▶ **Instructions for the task**
Reproduce all of the data below without alteration; exclude every picture.

[Stored data]
%%

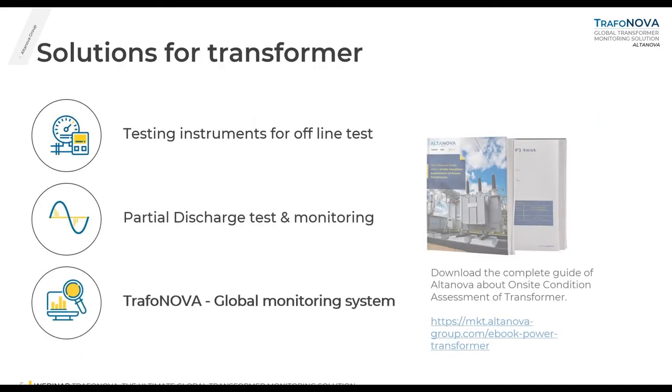Regarding our solutions for transformers, we have testing instruments for offline tests — the normal tests performed on high voltage transformers. We have a dedicated partial discharge portable unit, a monitoring solution for partial discharge, and the global monitoring system I'm going to present today, TrafoNova. If you want to download our guide on on-site condition assessment on transformers, you can use the link shown here.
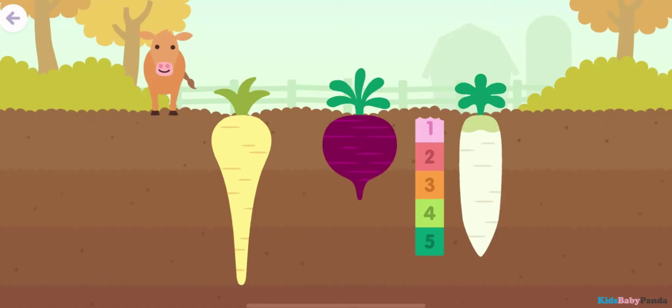One, two, three, four, five — five blocks deep.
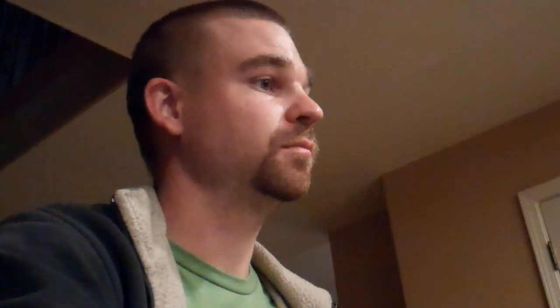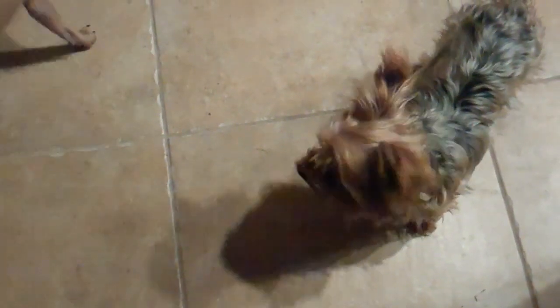Spaghetti and parmesan cheese — spicy spaghetti at Jimmy's for dinner. Is it too hot for you? No, it's good — I put some hot flakes in. I can taste the spicy but it's not too much, it's pretty good. I took one strand of spaghetti and fed it to these dogs, now they won't leave me alone.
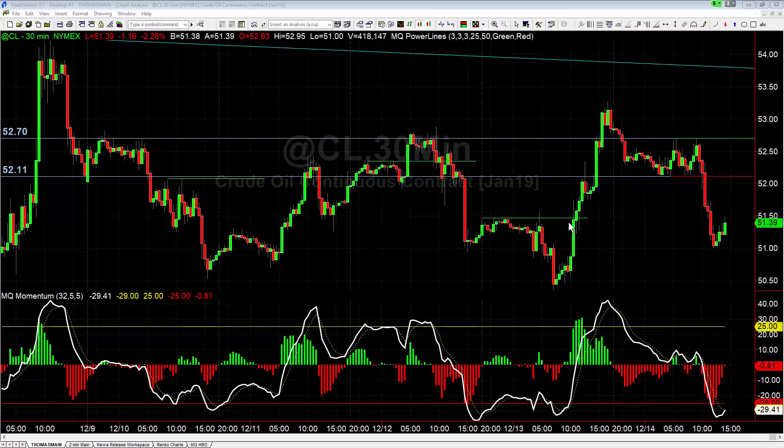Hey there everybody, Thomas Will with Basecamp Trading. It is Friday, December 14th and we're going to take a look really quick here at crude oil and one of the trade setups from the trading room today. It ended up playing out pretty well, and that was a short breakdown in crude.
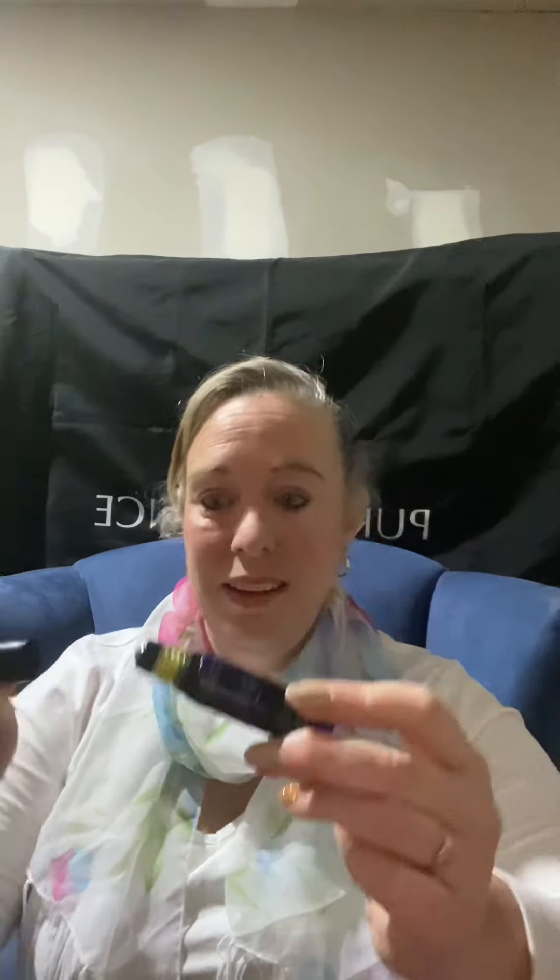Our essential oil blends come in these handy little roll-ons. I'll take the lid off so I can show you. They're perfect for keeping in your handbag, in the bathroom drawer, or anywhere. In the group or the event I would have posted about our essential oil blends and which one is right for you.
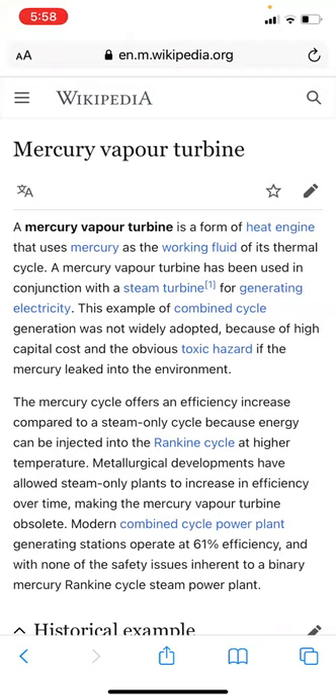Hi there, how are you going? I hope you're having a fantastic day. Welcome, hello to all my subscribers, trolls, bots, lurkers alike, and just hello if you stumbled upon this. This is about mercury vapor turbines.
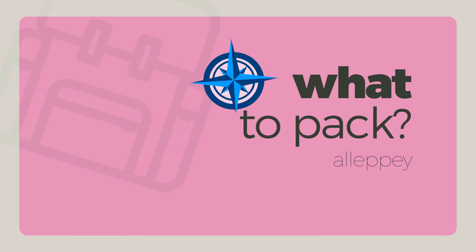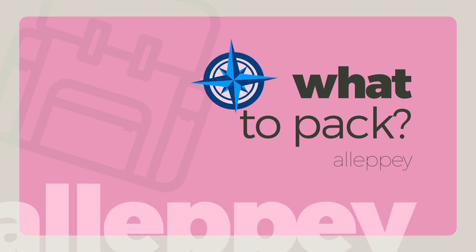What to pack? Since it's a coastal area, the weather is always humid, so do pack tropical clothes.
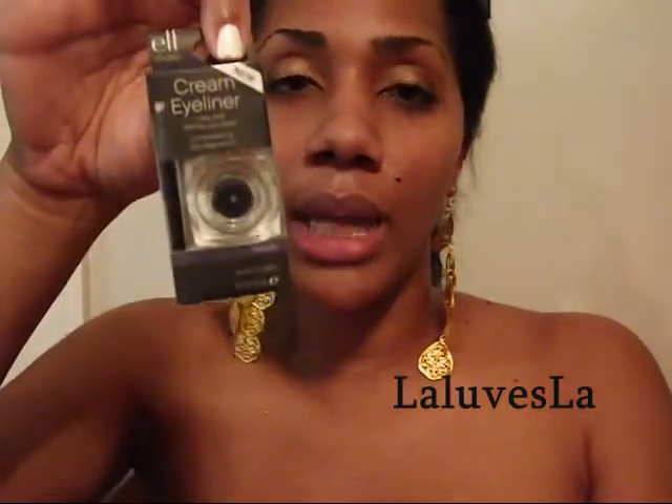I've been wanting to try their cream liner. I have Makeup Forever in black and I've been wanting to try ELF's just to compare. This is Midnight — and this little container looked tiny at first, but actually looking at it properly, that's a nice size. And it's a dark navy blue color.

%%

▶ **Result of the task**
Regarding our solutions for transformers, we have testing instruments for offline tests — the normal tests performed on high voltage transformers. We have a dedicated partial discharge portable unit, a monitoring solution for partial discharge, and the global monitoring system I'm going to present today, TrafoNova. If you want to download our guide on on-site condition assessment on transformers, you can use the link shown here.
One, two, three, four, five — five blocks deep.
Spaghetti and parmesan cheese — spicy spaghetti at Jimmy's for dinner. Is it too hot for you? No, it's good — I put some hot flakes in. I can taste the spicy but it's not too much, it's pretty good. I took one strand of spaghetti and fed it to these dogs, now they won't leave me alone.
Hey there everybody, Thomas Will with Basecamp Trading. It is Friday, December 14th and we're going to take a look really quick here at crude oil and one of the trade setups from the trading room today. It ended up playing out pretty well, and that was a short breakdown in crude.
Our essential oil blends come in these handy little roll-ons. I'll take the lid off so I can show you. They're perfect for keeping in your handbag, in the bathroom drawer, or anywhere. In the group or the event I would have posted about our essential oil blends and which one is right for you.
Hi there, how are you going? I hope you're having a fantastic day. Welcome, hello to all my subscribers, trolls, bots, lurkers alike, and just hello if you stumbled upon this. This is about mercury vapor turbines.
What to pack? Since it's a coastal area, the weather is always humid, so do pack tropical clothes.
I've been wanting to try their cream liner. I have Makeup Forever in black and I've been wanting to try ELF's just to compare. This is Midnight — and this little container looked tiny at first, but actually looking at it properly, that's a nice size. And it's a dark navy blue color.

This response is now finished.